The term “arbitrage” refers to the practice of taking advantage of a price difference between two or more markets: striking a combination of matching deals that capitalize upon the imbalance, the profit being the difference between the market prices. In other words, arbitrage means the possibility of riskless profit at zero cost.
Well, if you take a closer look at how outsourced software development works in the real world, none of the components of this last statement apply.
First, let’s take a look at the profit part. True, companies typically try to leverage the difference in the costs of IT labor between various geographies, and in some cases this results in reduced costs.
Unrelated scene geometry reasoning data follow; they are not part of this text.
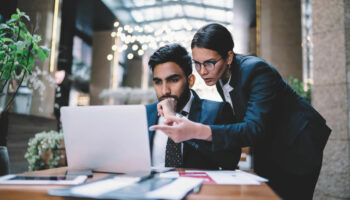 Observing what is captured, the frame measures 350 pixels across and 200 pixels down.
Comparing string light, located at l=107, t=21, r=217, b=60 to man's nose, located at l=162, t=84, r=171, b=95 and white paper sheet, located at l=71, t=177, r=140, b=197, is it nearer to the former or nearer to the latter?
man's nose, located at l=162, t=84, r=171, b=95

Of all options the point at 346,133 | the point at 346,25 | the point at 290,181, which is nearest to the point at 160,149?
the point at 290,181

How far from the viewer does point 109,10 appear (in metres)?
7.02

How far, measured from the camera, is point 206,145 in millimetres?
1122

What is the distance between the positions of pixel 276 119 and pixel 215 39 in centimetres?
48

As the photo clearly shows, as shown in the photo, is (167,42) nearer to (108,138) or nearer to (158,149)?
(158,149)

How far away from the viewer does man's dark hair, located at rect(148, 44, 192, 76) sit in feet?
5.30

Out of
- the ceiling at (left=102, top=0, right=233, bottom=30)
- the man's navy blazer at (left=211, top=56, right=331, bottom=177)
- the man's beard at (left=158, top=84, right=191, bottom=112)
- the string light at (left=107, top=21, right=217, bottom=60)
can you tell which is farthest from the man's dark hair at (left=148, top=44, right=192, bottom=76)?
the ceiling at (left=102, top=0, right=233, bottom=30)

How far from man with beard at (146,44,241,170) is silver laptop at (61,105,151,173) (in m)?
0.48

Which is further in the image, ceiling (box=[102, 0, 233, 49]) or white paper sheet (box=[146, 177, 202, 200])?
ceiling (box=[102, 0, 233, 49])

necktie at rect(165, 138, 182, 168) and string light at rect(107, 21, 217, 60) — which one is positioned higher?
→ string light at rect(107, 21, 217, 60)

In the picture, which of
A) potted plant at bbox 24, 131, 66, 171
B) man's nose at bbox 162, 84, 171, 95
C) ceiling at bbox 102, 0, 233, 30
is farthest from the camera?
ceiling at bbox 102, 0, 233, 30

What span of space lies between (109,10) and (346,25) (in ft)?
18.8

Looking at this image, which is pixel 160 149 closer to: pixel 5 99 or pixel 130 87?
pixel 5 99

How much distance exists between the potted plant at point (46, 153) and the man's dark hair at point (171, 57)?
2193 mm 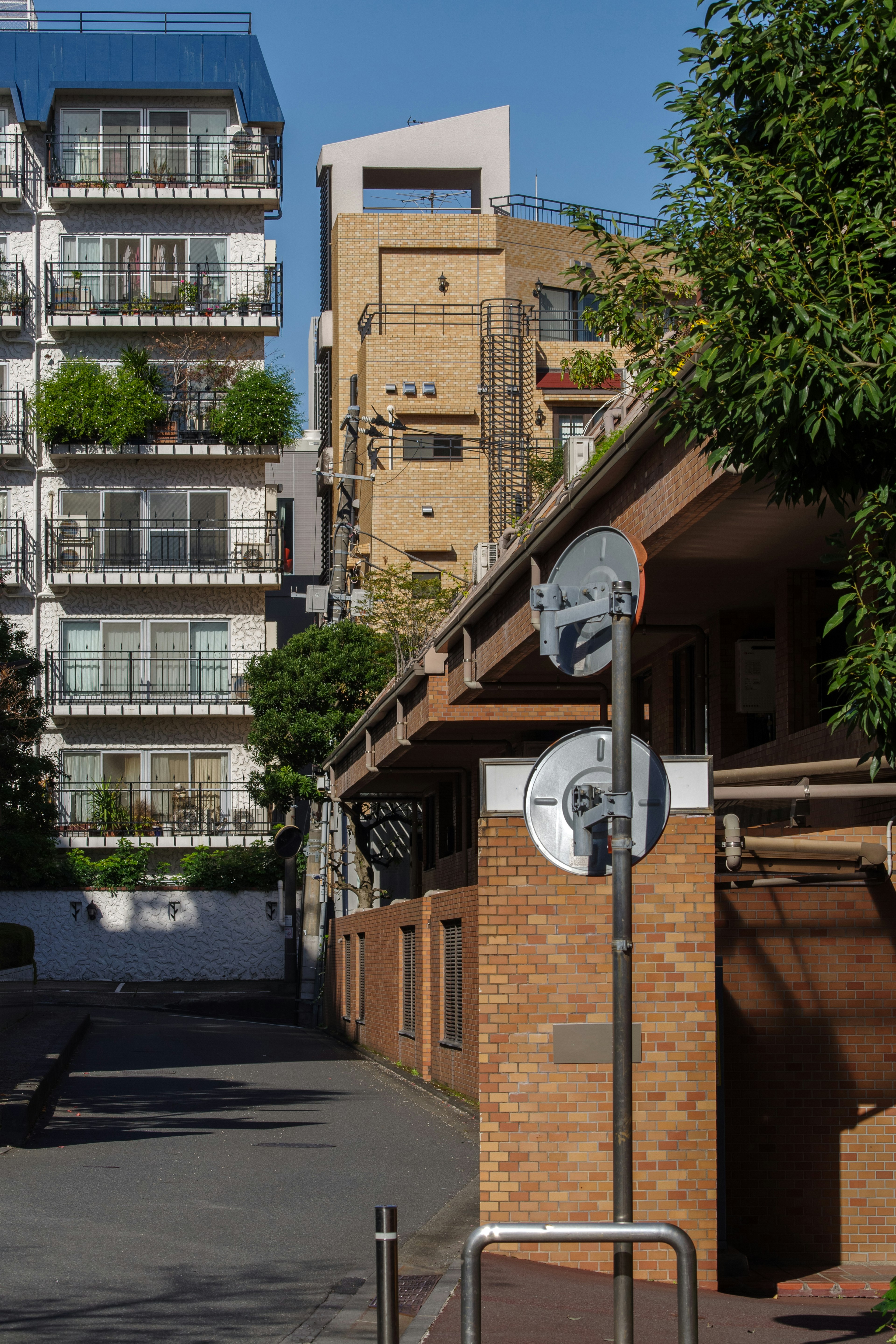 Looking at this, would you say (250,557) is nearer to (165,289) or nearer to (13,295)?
(165,289)

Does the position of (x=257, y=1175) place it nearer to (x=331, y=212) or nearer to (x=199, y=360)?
(x=199, y=360)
However, it is no secret that many, if not most, companies fail to realize expected cost savings from outsourced software development, if there have been any savings at all. Besides, the drivers for engaging in outsourcing vary from company to company: sometimes clients simply can’t ramp up their teams quickly enough, or can’t find particular skill sets, without going to an outsourcing partner. In other words, the “profit” (cost savings) from using software outsourcing is far from guaranteed, and, unlike trading, it is not necessarily the main driver behind outsourcing in the first place.
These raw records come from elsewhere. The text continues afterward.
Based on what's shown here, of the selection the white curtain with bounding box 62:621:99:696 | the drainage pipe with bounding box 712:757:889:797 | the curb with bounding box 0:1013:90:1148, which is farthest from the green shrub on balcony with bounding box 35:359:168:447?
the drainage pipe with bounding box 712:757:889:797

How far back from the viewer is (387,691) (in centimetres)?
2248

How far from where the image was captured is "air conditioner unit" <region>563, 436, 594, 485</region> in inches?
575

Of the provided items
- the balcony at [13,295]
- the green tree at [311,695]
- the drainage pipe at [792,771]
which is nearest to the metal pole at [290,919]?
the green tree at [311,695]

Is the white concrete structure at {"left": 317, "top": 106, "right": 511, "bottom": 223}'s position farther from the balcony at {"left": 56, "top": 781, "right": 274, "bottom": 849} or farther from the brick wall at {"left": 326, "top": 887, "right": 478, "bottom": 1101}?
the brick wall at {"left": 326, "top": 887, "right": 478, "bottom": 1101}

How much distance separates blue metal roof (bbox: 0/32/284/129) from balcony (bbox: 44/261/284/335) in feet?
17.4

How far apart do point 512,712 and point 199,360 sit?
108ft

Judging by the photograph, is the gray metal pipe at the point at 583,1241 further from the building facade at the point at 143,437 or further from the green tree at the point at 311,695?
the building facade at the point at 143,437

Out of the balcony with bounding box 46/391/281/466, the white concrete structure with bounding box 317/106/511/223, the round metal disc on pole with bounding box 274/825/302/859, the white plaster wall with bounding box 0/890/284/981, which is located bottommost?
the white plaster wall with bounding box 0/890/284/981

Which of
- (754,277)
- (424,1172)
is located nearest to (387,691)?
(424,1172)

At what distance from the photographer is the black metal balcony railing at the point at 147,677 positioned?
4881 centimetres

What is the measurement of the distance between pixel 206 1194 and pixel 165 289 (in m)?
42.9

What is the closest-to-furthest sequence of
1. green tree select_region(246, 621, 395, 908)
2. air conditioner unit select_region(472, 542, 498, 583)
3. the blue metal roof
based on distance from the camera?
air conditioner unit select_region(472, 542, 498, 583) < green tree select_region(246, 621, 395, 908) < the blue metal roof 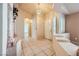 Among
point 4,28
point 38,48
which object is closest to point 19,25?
point 4,28

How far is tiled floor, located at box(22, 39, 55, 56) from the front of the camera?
1.65 m

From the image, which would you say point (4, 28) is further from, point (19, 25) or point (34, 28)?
point (34, 28)

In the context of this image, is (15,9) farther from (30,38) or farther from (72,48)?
(72,48)

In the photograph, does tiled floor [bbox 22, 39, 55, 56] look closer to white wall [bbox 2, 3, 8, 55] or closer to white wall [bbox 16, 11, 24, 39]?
white wall [bbox 16, 11, 24, 39]

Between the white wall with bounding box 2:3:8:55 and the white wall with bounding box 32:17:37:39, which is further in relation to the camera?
the white wall with bounding box 32:17:37:39

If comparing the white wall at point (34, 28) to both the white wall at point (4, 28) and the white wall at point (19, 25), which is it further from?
the white wall at point (4, 28)

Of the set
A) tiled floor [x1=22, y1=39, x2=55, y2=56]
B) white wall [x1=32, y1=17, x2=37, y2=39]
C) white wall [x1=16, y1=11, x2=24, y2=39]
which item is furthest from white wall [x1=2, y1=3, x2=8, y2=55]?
white wall [x1=32, y1=17, x2=37, y2=39]

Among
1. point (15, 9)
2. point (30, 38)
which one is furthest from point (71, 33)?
point (15, 9)

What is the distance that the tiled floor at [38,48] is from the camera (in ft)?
5.43

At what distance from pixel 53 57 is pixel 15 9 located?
0.89m

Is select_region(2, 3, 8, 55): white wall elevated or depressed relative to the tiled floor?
elevated

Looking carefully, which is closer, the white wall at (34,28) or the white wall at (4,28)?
the white wall at (4,28)

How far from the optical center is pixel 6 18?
5.32 feet

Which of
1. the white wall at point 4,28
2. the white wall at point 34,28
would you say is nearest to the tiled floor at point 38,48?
the white wall at point 34,28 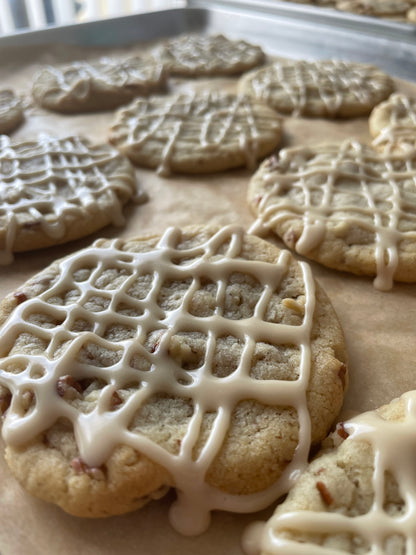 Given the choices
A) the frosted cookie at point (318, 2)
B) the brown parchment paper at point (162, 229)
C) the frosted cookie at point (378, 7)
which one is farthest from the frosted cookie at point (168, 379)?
the frosted cookie at point (318, 2)

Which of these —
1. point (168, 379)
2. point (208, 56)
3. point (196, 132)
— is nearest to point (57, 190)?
point (196, 132)

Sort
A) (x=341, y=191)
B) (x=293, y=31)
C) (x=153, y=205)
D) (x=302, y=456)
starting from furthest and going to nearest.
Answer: (x=293, y=31) → (x=153, y=205) → (x=341, y=191) → (x=302, y=456)

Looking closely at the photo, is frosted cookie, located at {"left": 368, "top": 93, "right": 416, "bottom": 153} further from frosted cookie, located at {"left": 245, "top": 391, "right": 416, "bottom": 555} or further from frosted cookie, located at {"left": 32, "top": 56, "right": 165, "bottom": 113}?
frosted cookie, located at {"left": 245, "top": 391, "right": 416, "bottom": 555}

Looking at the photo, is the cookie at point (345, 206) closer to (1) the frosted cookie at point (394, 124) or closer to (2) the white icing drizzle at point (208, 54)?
(1) the frosted cookie at point (394, 124)

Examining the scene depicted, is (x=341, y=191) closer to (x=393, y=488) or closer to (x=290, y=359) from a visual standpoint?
(x=290, y=359)

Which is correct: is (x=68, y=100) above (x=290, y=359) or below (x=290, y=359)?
above

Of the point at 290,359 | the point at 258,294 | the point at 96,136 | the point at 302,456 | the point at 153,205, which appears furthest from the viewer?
the point at 96,136

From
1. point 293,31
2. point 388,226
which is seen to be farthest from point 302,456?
point 293,31

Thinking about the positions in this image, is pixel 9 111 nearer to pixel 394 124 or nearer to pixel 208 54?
pixel 208 54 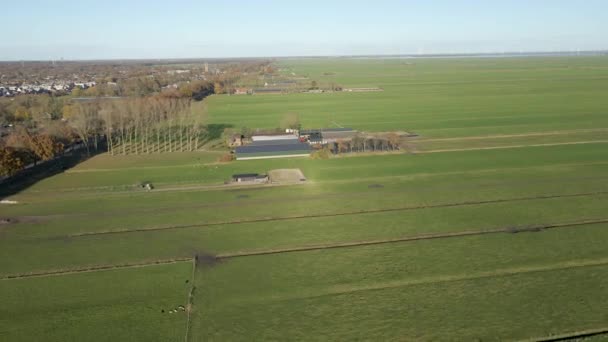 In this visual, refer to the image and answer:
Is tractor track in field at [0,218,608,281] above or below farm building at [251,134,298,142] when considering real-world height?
below

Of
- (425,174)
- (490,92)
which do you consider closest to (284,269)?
(425,174)

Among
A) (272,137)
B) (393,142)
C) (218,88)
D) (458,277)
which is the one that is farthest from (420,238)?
(218,88)

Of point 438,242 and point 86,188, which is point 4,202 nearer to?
point 86,188

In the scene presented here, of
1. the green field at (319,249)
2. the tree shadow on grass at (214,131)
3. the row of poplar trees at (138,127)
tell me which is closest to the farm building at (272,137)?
the tree shadow on grass at (214,131)

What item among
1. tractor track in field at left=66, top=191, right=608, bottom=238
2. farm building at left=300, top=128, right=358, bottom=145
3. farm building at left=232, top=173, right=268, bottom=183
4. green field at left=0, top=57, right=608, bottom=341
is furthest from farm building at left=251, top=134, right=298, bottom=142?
tractor track in field at left=66, top=191, right=608, bottom=238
Which brings us to the other part of the statement: risklessness. Unlike commodities, e.g. cane sugar or copper, all IT labor is not created equal. When you are outsourcing software development, you are not simply swapping your local IT talent for remote developers, just as you would swap out a hard drive in your computer. Differences in knowledge, technical skills, productivity, communication, and culture can and do significantly impact outcomes of development projects. Furthermore, for example, if an ISV brings in a provider to help with their product development, and the provider’s remote team fails to deliver outright, or the project runs late and disrupts the client’s product release schedule, the market can punish the company with reduced customer loyalty and revenue shortfalls. In that case, even if the cost savings on development are in fact realized, they are hardly worth it to the client. In short, outsourcing your application development is anything but riskless.
On to the final part of the formula: zero cost. It is obvious that outsourcing generates additional costs on top of the labor wage rates. Companies that set up captive operations in cheaper geographies have to take care of the administrative and management overhead associated with running a separate facility in that particular country, and that’s just the beginning. Even clients who hire outsourcing providers still need to set up a governance infrastructure and assign resources to manage the relationship and guide the vendor’s work in order to ensure desirable outcomes. Experienced buyers understand that providers’ rate cards are not necessarily indicative of the relative cost of doing business with this or that outsourcing firm.
So I suggest that we drop the term “labor arbitrage” from discussions of software development outsourcing, altogether. Strictly speaking, it is not applicable. Software development in general, and outsourced development in particular, is a highly complex endeavor with many factors and variables in play, and reducing the discourse to the terms more suitable to commodity trading doesn’t do us any good.